* **Exercise prompt**
Copy exactly the last part of the entries, starting from the line with "Imagem de Kit" and including the final line.

* **Data section**
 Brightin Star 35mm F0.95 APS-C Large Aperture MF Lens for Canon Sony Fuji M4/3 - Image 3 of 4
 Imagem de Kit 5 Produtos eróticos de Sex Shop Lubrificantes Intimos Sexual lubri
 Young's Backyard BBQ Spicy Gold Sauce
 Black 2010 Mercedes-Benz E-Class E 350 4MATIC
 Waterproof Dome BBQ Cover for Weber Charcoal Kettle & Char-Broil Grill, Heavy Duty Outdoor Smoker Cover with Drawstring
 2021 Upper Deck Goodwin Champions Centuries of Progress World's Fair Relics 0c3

* **Written solution**
 Imagem de Kit 5 Produtos eróticos de Sex Shop Lubrificantes Intimos Sexual lubri
 Young's Backyard BBQ Spicy Gold Sauce
 Black 2010 Mercedes-Benz E-Class E 350 4MATIC
 Waterproof Dome BBQ Cover for Weber Charcoal Kettle & Char-Broil Grill, Heavy Duty Outdoor Smoker Cover with Drawstring
 2021 Upper Deck Goodwin Champions Centuries of Progress World's Fair Relics 0c3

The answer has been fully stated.